For conspicuous gallantry and devotion to duty. He went forward in a most fearless manner under very heavy shell fire, and assisted companies who had lost all their officers to reorganise and consolidate the ground they had captured. Later, during a further advance, he took command of his battalion and inspired all ranks with the greatest confidence, setting an example of coolness and courage throughout a very trying period.

He was later added a bar to his MC in July 1918. The citation for the bar reads:

For conspicuous gallantry and devotion to duty after assuming command of his battalion. Throughout the operations he did yeoman service in maintaining the efficiency and fighting spirit of the battalion and in covering the withdrawal of other troops. He showed great coolness and efficiency in handling his men.
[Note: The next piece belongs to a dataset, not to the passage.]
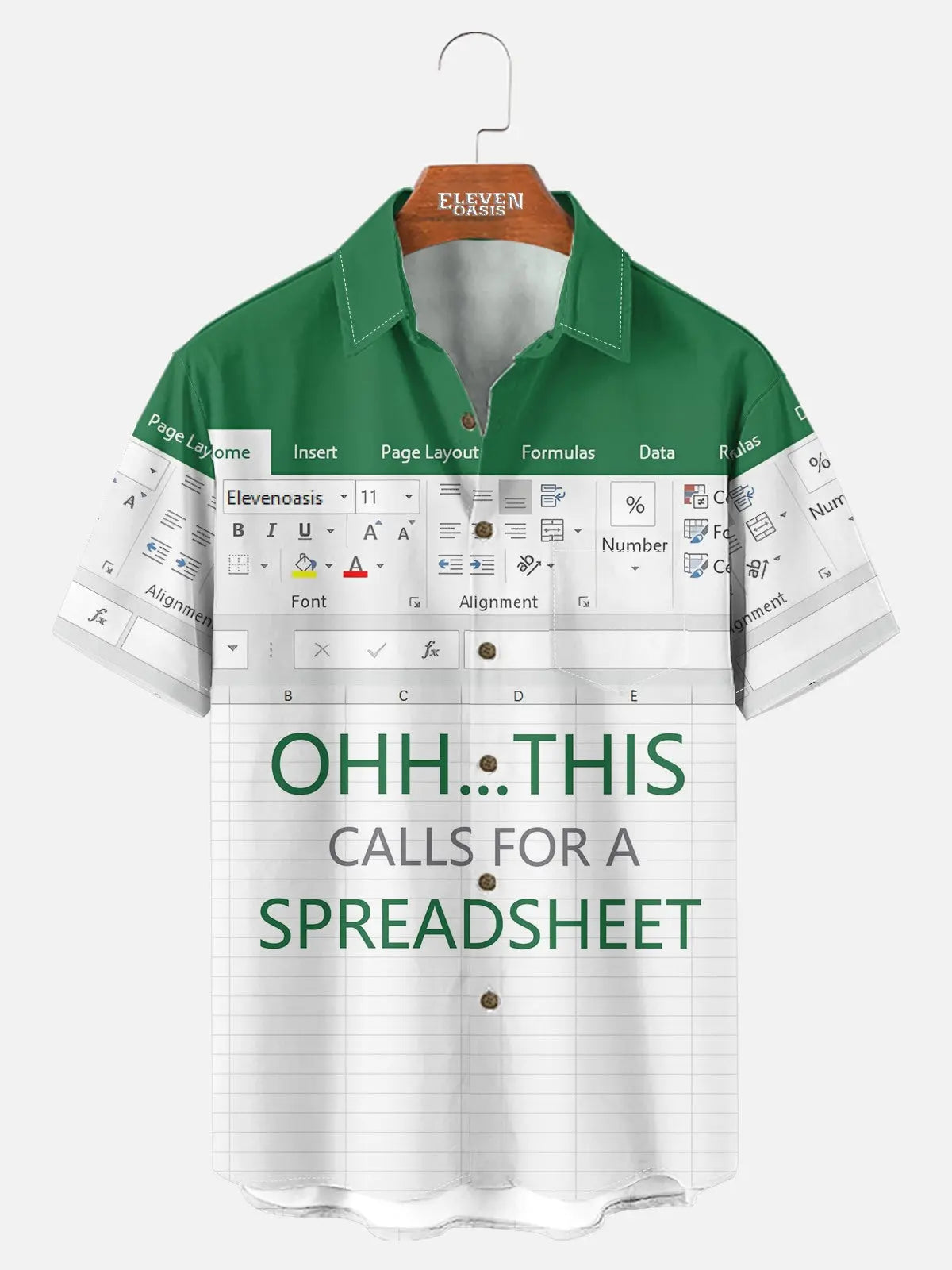 Men's Office Humor Excel Spreadsheet Short Sleeve Shirt ElevenOasis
In February 1919 he was awarded the Distinguished Service Order for his actions in the Battle of the Scarpe (1918). The DSO's citation reads:

For conspicuous gallantry and able leadership. In particular, in the successful attacks on the Fresnes-Rouvroy line on October 7th and Drocourt-Queant line on .October 11th, 1918, resulting in the capture of many prisoners and much material, his resourcefulness and gallantry under fire were most marked. He personally exploited successes, and by his grasp of the situation in the afternoon was instrumental in seizing a most important tactical point which was holding up the corps on the right.
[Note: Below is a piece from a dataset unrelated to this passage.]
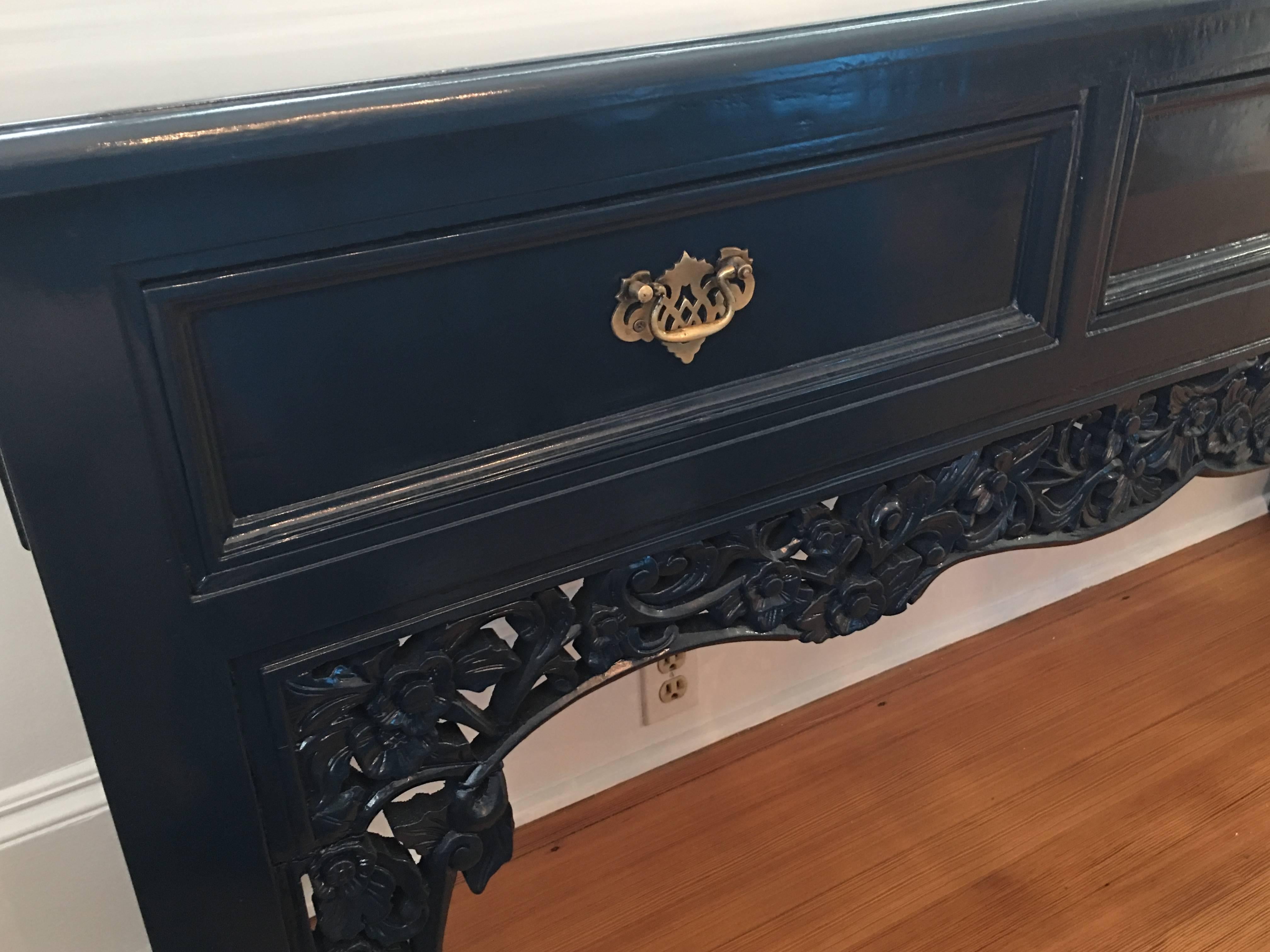 Wood Midcentury Carved Three Drawers Lacquered Console Table For Sale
In February 1923 Baker was promoted to lieutenant colonel and took command of the 8th Battalion, Middlesex Regiment. In 1931 he became Commanding Officer of the 7th Battalion, City of London Regiment, before retaking command of the 8th Battalion, Middlesex Regiment from 1936 to 1937. He was made a Commander of the Order of the British Empire on 23 June 1936 and in 1938 became a Deputy lieutenant for Middlesex. Following the outbreak of the Second World War he became Commanding Officer of the 35th Infantry Brigade, serving in the position until April 1940. From October 1940 to July 1942 Baker was commander of the 213th Independent Infantry Brigade. He retired from the regular army due to ill health in March 1945 with the rank of brigadier.

Between June 1941 and June 1951, Baker was an additional aide-de-camp to George VI, and was Honorary Colonel of the 5th Battalion, Middlesex Regiment from 1942 to 1963. In October 1947 Baker became Honorary Colonel of 11th Parachute Battalion (Middlesex). He was made a Companion of the Order of the Bath in 1957.